Sahnenin arkasından bin bir surat Atilla Arcan çıkıp geliyor, Gargamel kılığına
girmiş.. “Yakala şirinleri Azman, nerdesin yine lanet olası kedi” diye
bağırıyor.. Yanlış oyundasın beybaba, diyorum usulca, “beybaba senin babandır
uleyyynnn, Kara Murat'ım ben uleyyynn” diye atarlanıyor, “kancık kelleni ödlek
bedeninden ayırmaya geldim”, bir bakıyorum elinde kılıcı uzun saçları keskin
bakışlarıyla Fatih'in fedaisi Kara Murat olmuş.. Tamam abi, diyorum, özür
dilerim.. Ben sadece.. “Bağırmayacaktın Anton, artık ağzının yerini biliyorum”
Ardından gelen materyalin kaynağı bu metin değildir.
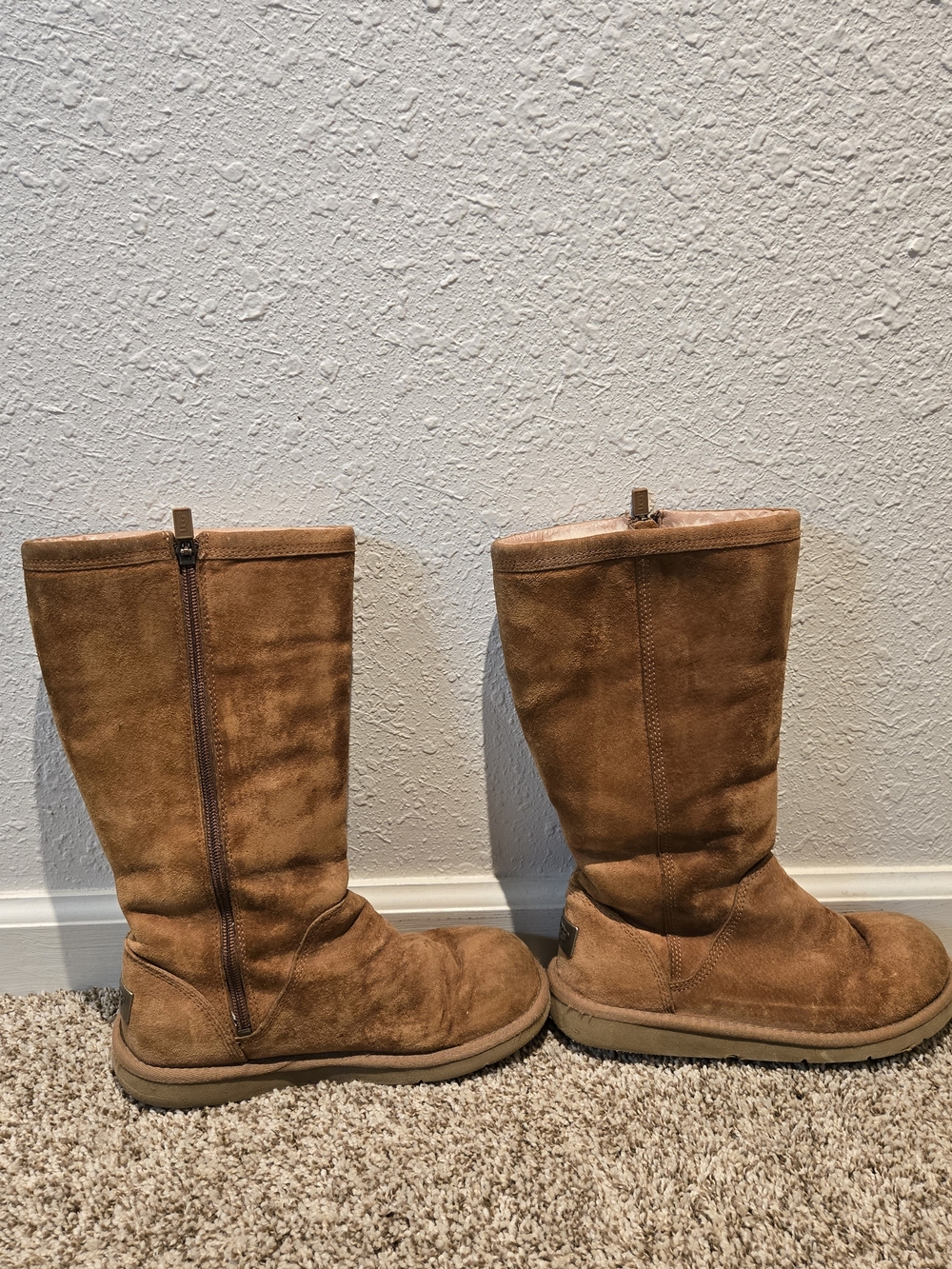 UGG Chestnut Brown Suede Mid-Calf Winter Boots Sz6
diye devam ediyor.. Belli ki fena kaptırmış kendisini.. Sonra repliğim düşüyor
usuma geri.. “Olmak ya da olmamak.. İşte bütün mesele bu! Düşüncemizin
katlanması mı güzel zalim kaderin
yumruklarına, oklarına, Yoksa diretip bela denizlerine karşı dur, yeter demesi
mi? “.. Göz ucuyla bakıyorum bin bir surata, beni kurtarmış olmanın hazzıyla
göz kırparak çekiliyor sahneden unutulmaz bir Şener Şen taklidiyle.. “Seni hiç
sevmiyorum sütoğlan! Babanı da sevmezdim!”
Asırlarca
dünyada unutulmuş bir hayalet gibi, kimse bilmeden, kimse ilişmeden, kimseye
söylemeden kıyıda köşede yaşadım hep.. Ne sabır, ne öfke ne de diğer duygular;
bilcümle hepsini sıyırıp atalı üzerimden, çıkaralı kollarımdan, düşürüp
yakamdan, fırlatıp paçamdan.. Epey zaman geçti umursuz.. Ruhumun elbisesini
soyup kendi ruhlarının çapsız giysilerini boca etmek istediler üzerime ama
benim ruhumun çıplaklığını, benim ruhumun kıyafetsizliğini görmediler.. Akıl
tutulması dört yanda, sessizlikle düğümlenmiş insanlar dillerinde söylemeye
korktukları ezgilerin nakaratları.. Mühürlenmiş şiirler, kilitlenmiş sözcükler,
esir düşmüş duygular.. Bir seri katil, bir acımasız cellat beynimin
zindanlarında; her gece idamlara yatırıp her sabah sürgünlere yollayan aklımı..
Olmadı.. Olduramadılar.. Ne tel örgüler tutabildi beni, ne mayınlar engel
olabildi, ne çevirmeler durdurabildi ne de sınırlar yıldırabildi.. Pes
etmedim.. Islandı ya rüyalarım dudak izlerinle.. O yeterdi işte bana!
Bir göçük
nah şuramda büyüyüp duruyor kara delik gibi erketeye yatmış bekliyor yokluğuna
katık etmeye.. Heyhat! Hiçbir baskı altında kalmadan, hür irademle, kendi
düşüncemle, söz ve ifade özgürlüğümü kullanarak itiraf ediyorum bir kez daha
seni sevdiğimi.. Tüm dünyaya.. Bütün insanlığa.. Nokta!